- Aim of the exercise: An exact retyping of all lines below is the answer; pictures do not belong in it.

- Data extract:
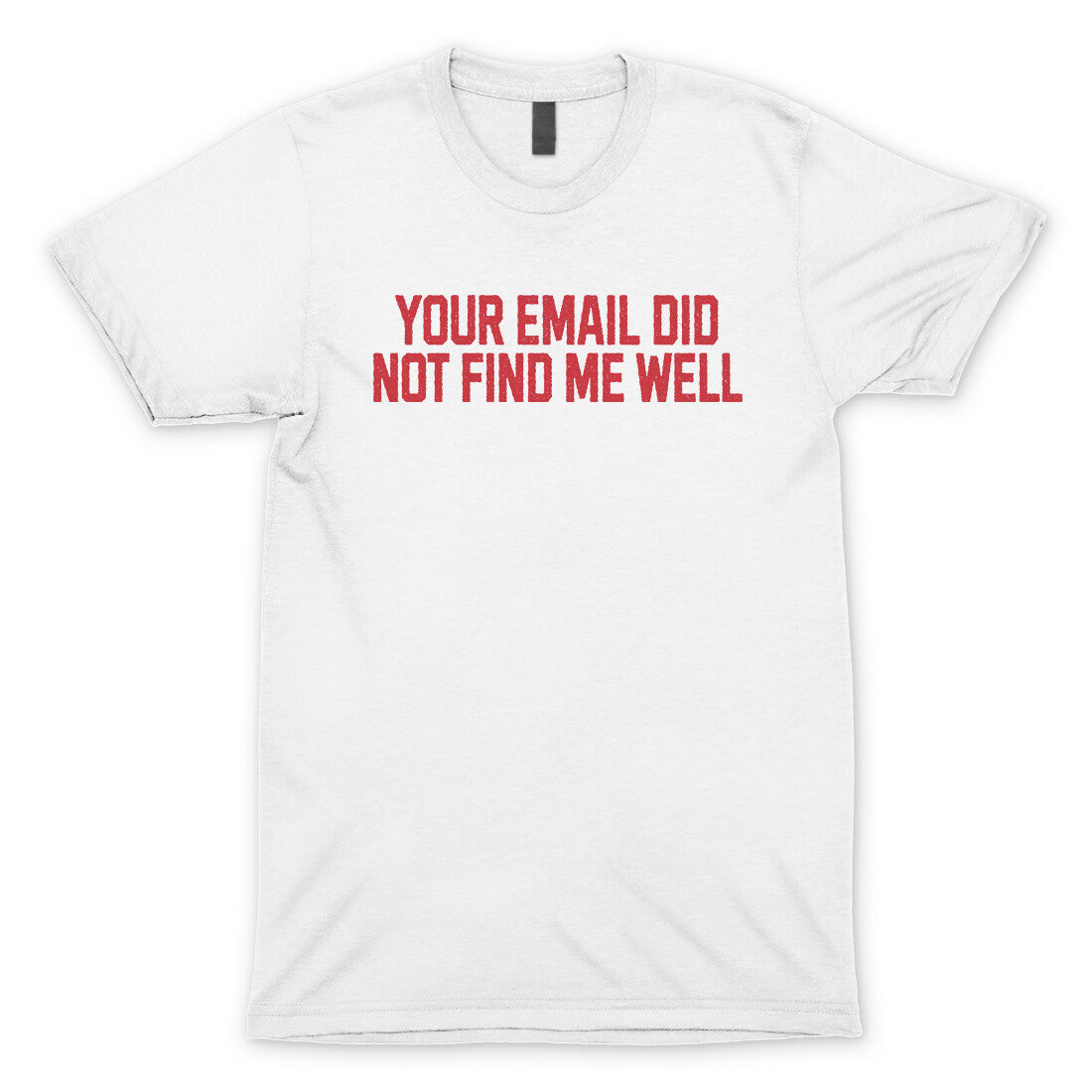 Your Email Did Not Find Me Well in White Color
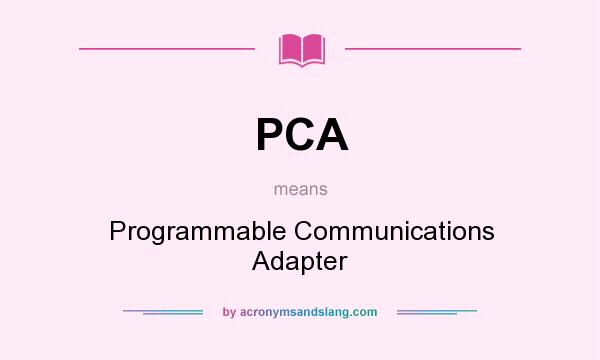What does PCA mean? It stands for Programmable Communications Adapter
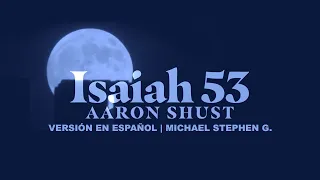 Isaiah 53 | Aaron Shust | Versión en español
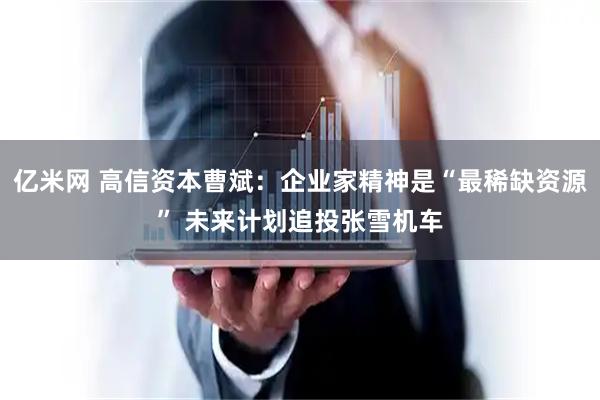 亿米网 高信资本曹斌：企业家精神是“最稀缺资源” 未来计划追投张雪机车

- Answer to this task:
 Your Email Did Not Find Me Well in White Color
What does PCA mean? It stands for Programmable Communications Adapter
 Isaiah 53 | Aaron Shust | Versión en español
 亿米网 高信资本曹斌：企业家精神是“最稀缺资源” 未来计划追投张雪机车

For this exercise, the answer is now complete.